Aku akan memikirkan seseorang. Ya, aku mulai memikirkan seseorang. Aku memikirkan dia. Dia yang selalu merasa dirinya sempurna. Dia yang selalu merasa dirinya cantik. Dia yang selalu merasa dirinya cerdas. Selalu bertindak sebagai superhero. Tapi aku tahu semua itu kau lakukan hanya untuk mencari perhatian orang – orang di sekitarmu. Perhatian yang aku yakin tak akan pernah kau dapatkan apabila kau hanya mengandalkan kecantikanmu.

Ha…ha…ha…. Kau sungguh menyedihkan, teman. Ups, teman ? Aku menyebutmu teman ? Pantaskah kau jadi temanku ? Kau hanya manusia sampah tak berharga yang hanya bisa menjilat orang – orang di sekelilingmu. Menjijikkan.

Sssst…..Sssst…..Sssst…..

Lagi – lagi suara itu. Hei orang di sana yang membuat suara berisik ini. Aku tidak takut. Aku tidak peduli kau mau apa. Kau dengar itu ? Aku tidak peduli.

Aku heran pada dunia. Apa semua orang ditakdirkan untuk selalu bersikap munafik ? Apa semua orang ditakdirkan untuk tidak memiliki hati nurani ? Apa semua orang ditakdirkan untuk tidak memiliki mata hati ?

Apa hanya aku yang bisa melihat kenyataan ? Mengapa aku merasa hanya aku yang merasa dapat melihat kenyataan ? Dapat melihat kebenaran ? Dapat melihat ekor serigala yang tersembunyi di balik bulu domba ? Kalau memang begitu, sungguh menyedihkan. Dunia ini sungguh menyedihkan.

Sssst…..Sssst…..Sssst…..

Lagi – lagi suara itu. Astaga, aku sudah tak tahan. Hei kau, ayo keluar ! Tunjukkan wajahmu !

Sssst…..Sssst…..Sssst…..

Aaargh…..hentikan ! Aku turun dari tempat tidur dan menyalakan lampu. Kucari si biang pembuat keributan itu ke seluruh penjuru kamarku. Tidak ketemu. Hei kau sembunyi di mana ? Jangan jadi pengecut !

Sssst…..Sssst…..Sssst….. Hei, kau takkan bisa melihatku. Kau hanya bisa merasakan keberadaanku. Kau ingin tahu siapa aku ? Aku adalah hati nuranimu. Kenapa ? Kau terkejut ? Kau terkejut karena selama ini aku membisu ?

Ha…ha…ha… Jangan kaget.
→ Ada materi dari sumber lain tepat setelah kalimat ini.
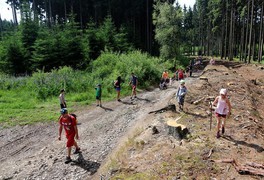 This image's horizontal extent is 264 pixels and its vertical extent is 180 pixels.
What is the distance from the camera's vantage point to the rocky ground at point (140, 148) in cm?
652

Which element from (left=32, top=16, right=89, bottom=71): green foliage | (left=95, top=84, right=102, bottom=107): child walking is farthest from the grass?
(left=32, top=16, right=89, bottom=71): green foliage

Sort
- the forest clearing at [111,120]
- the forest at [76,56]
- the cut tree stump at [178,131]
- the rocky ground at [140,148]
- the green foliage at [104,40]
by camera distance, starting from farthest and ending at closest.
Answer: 1. the green foliage at [104,40]
2. the forest at [76,56]
3. the cut tree stump at [178,131]
4. the forest clearing at [111,120]
5. the rocky ground at [140,148]

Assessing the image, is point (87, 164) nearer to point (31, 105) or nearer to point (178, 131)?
point (178, 131)

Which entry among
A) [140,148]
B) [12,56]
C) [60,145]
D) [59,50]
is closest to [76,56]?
[59,50]

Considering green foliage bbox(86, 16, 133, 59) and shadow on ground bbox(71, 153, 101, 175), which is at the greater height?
green foliage bbox(86, 16, 133, 59)

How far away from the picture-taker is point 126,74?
902 inches

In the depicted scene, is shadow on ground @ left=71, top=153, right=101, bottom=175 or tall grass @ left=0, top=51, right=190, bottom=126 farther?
tall grass @ left=0, top=51, right=190, bottom=126

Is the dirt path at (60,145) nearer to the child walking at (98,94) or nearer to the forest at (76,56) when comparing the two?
the child walking at (98,94)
Aku bosan melihat kau terus melakukan kebodohan demi kebodohan.

Apa maksudmu ? Kapan aku melakukan kebodohan ? Aku adalah orang yang dibekali mata hati oleh Tuhan. Dan kau, kau yang mengaku – aku sebagai hati nuraniku. Aku tak percaya padamu. Kau bohong ! Kau munafik ! Sama kotornya seperti orang – orang hina yang ada di sekitarku.

Ya ampun. Kau bilang aku pembohong. Kau bilang aku munafik. Kau bilang aku sama kotornya dengan orang – orang hina yang ada di sekitarmu. Lalu kau sendiri ? Apa dirimu sempurna ? Apa kau sendiri tak pernah berbohong ? Kau juga sering berbohong. Tapi untuk menutupi keburukanmu, kau memakai kedok white lies. Apa kau sendiri tidak munafik ? Demi mencapai keinginanmu kau sering sekali bersikap munafik. Kau bermuka dua !

Kau jauh lebih hina daripada mereka yang kau bilang hina. Kau iri pada mereka. Iri karena kau tak memiliki kelebihan seperti yang mereka miliki. Kau benar – benar orang yang tak bersyukur. Daripada kau membuang – buang waktu, bukankah lebih baik kau menuntut ilmu setinggi mungkin ? Memperkaya dirimu dengan ilmu untuk memiliki berbagai kekuranganmu ?

Aku…..aku….. Aku speechless. Aku tak mampu berkata apa – apa. Aku shock. Aku terkejut. Aku malu sekali. Malu pada diriku sendiri. Malu pada hati nuraniku. Malu pada mata hatiku. Aku hanya bisa merosot di ujung tempat tidur. Merenung dan bertanya – tanya. Tetang apa arti hidupku selama ini.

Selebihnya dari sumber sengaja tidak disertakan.